- Interactive map of Throchi Fort تھروچی قلعہ
- Location: Kotli District, Pakistan

Site notes
- Architectural styles: Indo-Islamic, Mughal

= Throchi Fort =

Fort in Azad Kashmir, Pakistan

Throchi Fort is a historical fort in Throchi village, Choroi Tehsil of Kotli district in Azad Jammu and Kashmir. From distance of 3 km east of Gulpur village, the fort is situated on a hilltop overlooking the village and surrounding areas.

== History ==
No original details regarding the construction and the founder of Throchi Fort could be found. According to research conducted under the Taxila Institute of Asian Civilisations, Throchi Fort was originally constructed by the Mangral Rajputs, under the leadership of Nasir-Din Khan. The local claims include the name Throchi comes from the name of a
prominent Hindu personality of that time. However it is considered that the fort was constructed between 1425 and 1460, when this region was under control of Jasrat, a Khokhar or Gakhar chieftain. It was strategically positioned to protect the hamlet and its surrounding from prospective invasions and attacks.

Throchi Fort changed hands several times as political power shifted in the region. It fell to the Sikhs during the rule of Maharaja Ranjit Singh and later passed to Maharaja Gulab Singh in 1855, who rebuilt it in stone. Under Dogra rule from 1846 to 1947 the fort housed small garrisons and served as a storage site for weapons and communications equipment.

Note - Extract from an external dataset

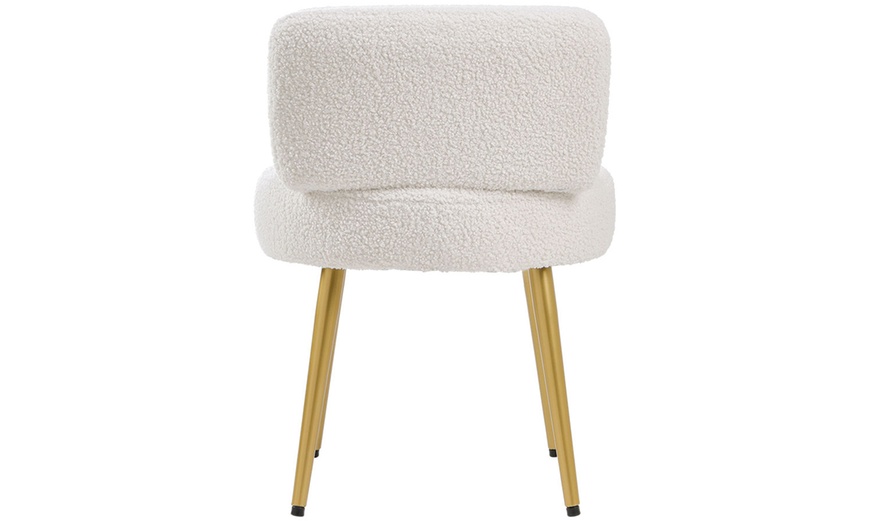 Image 2: Soft Cream Faux Fur Vanity Chair with a Metal Frame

During the uprising of 1947 the fort became a major center of fighting. Major Nasarullah and Muslim soldiers captured the fort after eliminating the Gorkha garrison led by Captain Raghubir Singh. Nearby operations were directed by Colonel Sher Ahmad Khan, and the Dogra forces eventually surrendered to a local group commanded by Colonel Mahmood Mangral.

After independence the fort came under the control of the Pakistan Army. It is currently managed by the Pakistan Army and contains a control room and signals tower of the Special Communication Organization, a telecommunications network active in Azad Kashmir. The structure is now in poor condition and requires urgent preservation.